CRUPET-NANINNE
Pour ceux qui sont au rendez-vous, vous voilà donc à l'auberge ou au café d'à côté
chez cette mère déesse qui vous a fait la soupe épaisse avec légumes du jardin
et tartines de beurre à tremper au bol.
Notez, on peut rester là, s'embarriquer de trappistes à tire-larigot,
chanter chansons et taper sur la table,
lutiner nos femmes et refaire le monde mais ce serait dommage de rater la grotte.
La grotte de Crupet.
C'est de la fausse grotte, du délire de curé parano, du tordu saint supplicien
tout emberlificoté d'indulgences plénières et de stalagtites en béton armé.
Le Saint y est grandeur nature, s'il vous plaît, bronze peinturluré rose bonbon,
bleu pervenche et vert sucette sauf pour ce qui est du diable:
rouge; noir; crochu; griffu; musclé comme un lutteur de foire.
Tout ça dans de la caverne artificielle avec des bougies
qui sperment dévotement sur herse de piquots forgés.
Mais le plus beau c'est le curé-fondateur.
Il est agenouillé dans la cendrée au pied de sa pièce montée.
Il est de bronze comme le reste mais avec, sur le visage, un ineffable et clérical sourire.
Faux cul, quoi!
De l'air! De la déchirure!
L'obsession de curé façon début de siècle me fascine comme le péché
mais me donne des petits boutons.
C'est pas de la religion, c'est du théàtre. Grottes de Bigots et Catholic Circus~.
Il y a des époques comme ça où le religieux fleure le faisandé.
Faut pas rester trop longtemps. Faut pas en rester là!
Maintenant marcher plus loin, raper au vent le fumet douceâtre des chandelles bénites, se jeter en campagne verte, pousser un cri éjaculatoire, se fendre en deux la cage thoracique,
marcher la promenade à grands pas, suant et soufflant, tant que le vieux rance s'évapore,
déchirer le paysage à grands coups de pattes, à soufflets de forge jusque l'arbre à clous, là-haut à lnzefy.
L'arbre c'est encore une question de religion mais pas à la mème sauce.
Ici c'est du vrai bois d'arbre planté racines en terre, branché sur ciel,
hérissé de clous forgés question pour les humains de ces temps-là de se mettre en prise
sur les électricités vertes qui circulaient entre nuage et crète.
Cet arbre-là était désigné par le ciel.
La foudre, à grands fracas, y avait déposé le guy, foutre divin.
C'est pas du rabâchage de curé insomniaque ça!
Mais plus loin, à Petite Courrière -excusez-moi mais je suis d'humeur emphatique et galopante;
Si vous voulez vous y retrouver faudra suivre le plan-
on se trouve en cimetière dévasté par l'oubli des vivants.

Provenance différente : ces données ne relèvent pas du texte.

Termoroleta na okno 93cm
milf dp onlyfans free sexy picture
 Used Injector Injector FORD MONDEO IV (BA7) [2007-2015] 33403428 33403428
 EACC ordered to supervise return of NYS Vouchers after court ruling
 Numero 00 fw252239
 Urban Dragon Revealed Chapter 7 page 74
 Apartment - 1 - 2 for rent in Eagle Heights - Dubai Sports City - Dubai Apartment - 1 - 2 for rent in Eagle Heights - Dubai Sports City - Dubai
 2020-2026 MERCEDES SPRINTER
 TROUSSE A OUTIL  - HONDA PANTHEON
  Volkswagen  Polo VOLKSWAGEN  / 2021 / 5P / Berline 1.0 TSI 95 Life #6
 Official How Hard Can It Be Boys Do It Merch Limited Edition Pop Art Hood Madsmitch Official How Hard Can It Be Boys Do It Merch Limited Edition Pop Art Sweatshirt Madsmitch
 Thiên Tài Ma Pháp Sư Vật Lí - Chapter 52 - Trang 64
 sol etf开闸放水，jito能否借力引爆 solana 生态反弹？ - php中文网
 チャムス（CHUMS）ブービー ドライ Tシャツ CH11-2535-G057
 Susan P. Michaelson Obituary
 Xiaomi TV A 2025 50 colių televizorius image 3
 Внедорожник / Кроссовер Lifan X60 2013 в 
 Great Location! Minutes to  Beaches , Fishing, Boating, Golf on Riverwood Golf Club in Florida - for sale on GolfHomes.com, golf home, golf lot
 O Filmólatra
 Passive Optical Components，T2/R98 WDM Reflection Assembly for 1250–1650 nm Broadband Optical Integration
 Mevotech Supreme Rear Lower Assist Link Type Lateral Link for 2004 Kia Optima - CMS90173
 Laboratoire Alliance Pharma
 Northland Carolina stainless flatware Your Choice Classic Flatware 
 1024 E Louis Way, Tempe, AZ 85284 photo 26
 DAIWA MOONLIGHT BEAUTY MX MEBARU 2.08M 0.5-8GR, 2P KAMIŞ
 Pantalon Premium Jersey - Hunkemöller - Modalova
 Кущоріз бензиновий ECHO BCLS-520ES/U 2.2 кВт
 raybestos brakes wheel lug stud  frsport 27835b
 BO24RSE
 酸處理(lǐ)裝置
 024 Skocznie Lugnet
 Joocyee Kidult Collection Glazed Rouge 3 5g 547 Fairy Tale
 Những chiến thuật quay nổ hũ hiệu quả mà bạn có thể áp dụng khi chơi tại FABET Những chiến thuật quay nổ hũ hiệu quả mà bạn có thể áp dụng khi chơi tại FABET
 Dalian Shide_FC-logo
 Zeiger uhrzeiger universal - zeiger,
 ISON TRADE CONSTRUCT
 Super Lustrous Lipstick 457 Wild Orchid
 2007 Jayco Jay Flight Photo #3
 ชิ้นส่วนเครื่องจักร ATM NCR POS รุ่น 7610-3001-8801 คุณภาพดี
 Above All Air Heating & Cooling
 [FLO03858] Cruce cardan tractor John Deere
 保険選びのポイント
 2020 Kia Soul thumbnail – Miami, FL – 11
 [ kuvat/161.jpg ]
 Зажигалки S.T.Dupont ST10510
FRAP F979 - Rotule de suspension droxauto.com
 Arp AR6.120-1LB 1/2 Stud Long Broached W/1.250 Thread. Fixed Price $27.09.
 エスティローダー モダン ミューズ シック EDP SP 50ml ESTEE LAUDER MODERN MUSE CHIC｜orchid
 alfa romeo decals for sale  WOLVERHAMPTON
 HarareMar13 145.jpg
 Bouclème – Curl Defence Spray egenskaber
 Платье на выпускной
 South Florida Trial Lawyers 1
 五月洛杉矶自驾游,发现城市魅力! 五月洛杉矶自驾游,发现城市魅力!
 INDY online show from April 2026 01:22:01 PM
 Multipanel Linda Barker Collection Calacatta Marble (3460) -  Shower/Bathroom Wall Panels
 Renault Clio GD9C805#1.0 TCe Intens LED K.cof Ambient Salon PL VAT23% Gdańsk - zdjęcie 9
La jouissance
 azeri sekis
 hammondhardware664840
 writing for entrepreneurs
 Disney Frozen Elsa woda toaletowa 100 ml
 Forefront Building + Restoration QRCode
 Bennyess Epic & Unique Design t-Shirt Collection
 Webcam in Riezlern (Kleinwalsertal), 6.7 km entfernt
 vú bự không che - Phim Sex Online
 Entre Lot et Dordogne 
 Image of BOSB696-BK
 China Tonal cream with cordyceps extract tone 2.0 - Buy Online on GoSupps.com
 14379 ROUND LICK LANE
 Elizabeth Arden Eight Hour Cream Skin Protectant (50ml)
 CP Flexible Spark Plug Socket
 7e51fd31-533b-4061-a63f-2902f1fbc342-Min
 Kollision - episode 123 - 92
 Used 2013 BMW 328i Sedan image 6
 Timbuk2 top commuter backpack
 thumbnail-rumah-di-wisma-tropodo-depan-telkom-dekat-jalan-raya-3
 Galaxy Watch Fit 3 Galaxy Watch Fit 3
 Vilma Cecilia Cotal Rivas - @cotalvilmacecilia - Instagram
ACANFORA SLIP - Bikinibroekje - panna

Tombes basculées, dalles brisées, croix de rouille et bondieuseries
laissant apparaître au creux de leurs chicots le fer rongé de leur béton qui s'effrite. Victoire donc! Une folie verte envahit la pierre, l'arbre prend racine dans le moellon de l'église,
le pigeon et le choucas investissent la Maison de Dieu par les hautes fenêtres aux vitraux brisés,
la mousse mord les visages sur les macarons photos bistres,
s'agrippe dans les rigoles des lettres taillées,
une lapine pond ses petits en rabouillère entre cuisses de mort,
l'ortie suce le bois de cercueil.
Ici, dans dix ans ce sera moins que Pompél. On dira:
-C'qu'on est peu de chose quand même!
ou d'autres lieux communs qui nous distraient de la crise qu'on dit comme ça,
parfois, l'oeil vague et l'air pénétré parce qu'on est au bord de comprendre la marche du monde
mais vite on se reprend, on secoue la tète, hue bourrique,
faut pas lâcher prise, il y a le bout de chemin d'aujourd'hui, tant qu'on a la santé,
en promenade de grands pas, en promenade de tout son corps, suant soufflant
par monts et par vaux tant que la pensée s'évapore.
Et marcher ainsi sans réserve de corps, à l'usure du corps est déchirure dans le paysage femelle.
Ça ne peut s'arrêter que sur un sanglot tellement le goût de la vie devient fort
et soi tout seul devant tout ça, on se dit:
-Dans le fond, pourquoi pas s'occuper de la marche du monde?
Et vite on va boire un verre. Pour s'arrondir les angles.